Practically, the Progressive Left and the MAGA Right share some tactics to advance their objectives. One instance: both try to limit free speech or free press to approved content. The Progressive Left, notably on the campuses, is known for a “cancel culture,” whereby speakers of unfashionable or unpopular ideas are not invited or are disinvited, or are heckled; professors or students expressing such ideas in class or in publications are harassed; speech codes are imposed; “safe spaces” are established, and alleged offenders of group-identity standards of acceptable speech or conduct are denied due process in pseudo-judicial hearings. The MAGA Right is equally known for a “cancel culture” of its own, in its efforts to ban books from school or public libraries, to revise curriculums to serve its political ideologies, and to regulate what teachers can discuss, sometimes even in their off-duty communications.
Such parallels point to similar motivations and dispositions. Both the Progressive Left and the MAGA Right seek to impose standards of speech and conduct according to their political ideologies; they do not tolerate dissent or permit discussions of these standards. Both demand a purity of allegiance and conformity in dogma in all particulars. Both regard or define those who disagree with them as variously ignorant or immoral, even evil. The result is personal antagonisms within both camps and between them, which antagonisms make reasonable discussion of basic policy issues difficult, if not impossible.

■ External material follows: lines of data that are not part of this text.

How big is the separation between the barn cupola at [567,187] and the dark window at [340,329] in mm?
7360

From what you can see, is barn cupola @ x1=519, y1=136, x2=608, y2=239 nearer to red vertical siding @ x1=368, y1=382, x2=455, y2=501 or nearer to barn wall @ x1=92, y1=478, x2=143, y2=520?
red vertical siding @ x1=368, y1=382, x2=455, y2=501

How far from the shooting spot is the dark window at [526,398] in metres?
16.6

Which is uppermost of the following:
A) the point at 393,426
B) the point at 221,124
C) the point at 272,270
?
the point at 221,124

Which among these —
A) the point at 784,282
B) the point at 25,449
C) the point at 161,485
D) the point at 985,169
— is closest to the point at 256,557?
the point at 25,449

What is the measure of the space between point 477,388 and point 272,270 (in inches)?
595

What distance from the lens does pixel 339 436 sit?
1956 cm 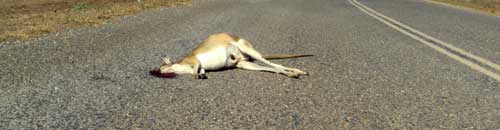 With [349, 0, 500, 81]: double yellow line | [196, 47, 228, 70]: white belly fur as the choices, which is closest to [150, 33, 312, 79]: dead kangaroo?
[196, 47, 228, 70]: white belly fur

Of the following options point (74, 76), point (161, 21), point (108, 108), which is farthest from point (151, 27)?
point (108, 108)

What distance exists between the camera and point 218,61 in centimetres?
545

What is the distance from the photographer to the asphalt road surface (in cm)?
362

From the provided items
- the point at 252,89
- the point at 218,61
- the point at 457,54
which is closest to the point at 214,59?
the point at 218,61

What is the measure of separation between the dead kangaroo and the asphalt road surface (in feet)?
0.38

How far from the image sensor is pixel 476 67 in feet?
19.2

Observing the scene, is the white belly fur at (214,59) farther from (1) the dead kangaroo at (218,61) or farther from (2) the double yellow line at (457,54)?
(2) the double yellow line at (457,54)

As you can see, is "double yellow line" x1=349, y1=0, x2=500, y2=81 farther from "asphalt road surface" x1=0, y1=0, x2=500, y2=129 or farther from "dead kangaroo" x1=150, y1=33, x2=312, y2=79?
"dead kangaroo" x1=150, y1=33, x2=312, y2=79

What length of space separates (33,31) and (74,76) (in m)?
4.96

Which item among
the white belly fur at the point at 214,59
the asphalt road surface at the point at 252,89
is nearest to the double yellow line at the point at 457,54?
the asphalt road surface at the point at 252,89

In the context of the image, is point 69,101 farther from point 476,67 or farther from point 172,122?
point 476,67

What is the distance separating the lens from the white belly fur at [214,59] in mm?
5359

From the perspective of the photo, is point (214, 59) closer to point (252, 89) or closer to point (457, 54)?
point (252, 89)

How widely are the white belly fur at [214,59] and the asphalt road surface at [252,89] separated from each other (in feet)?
0.38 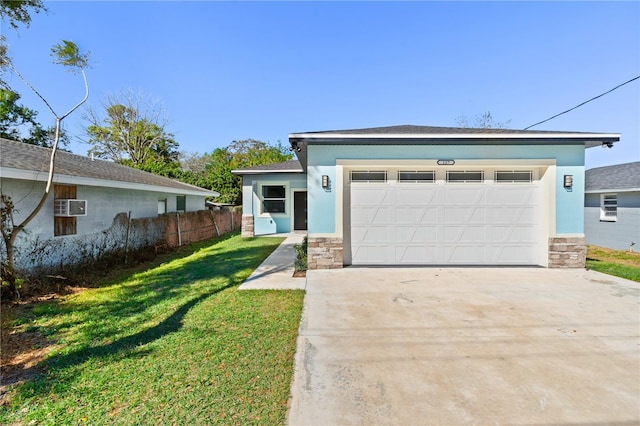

In today’s political climate, hard-core Progressives and die-hard MAGAs are unlikely to moderate their stances. Extremists on both the Progressive Left and the MAGA Right will continue to place paramount value on group identity based on biological or birthright conditions. Meanwhile, Liberal moderates of the center-left and center-right need to transcend these innate or inherited factors to unite to preserve democratic principles and values. As centrists, they should promote the common humanity and respect the individuality of each of us. The best that can be hoped for is that reasonable, resolute moderates in the middle, people who are aware of the dangers of identity politics and support America’s constitutional democracy suited to a pluralistic society, will have their chance in 2024.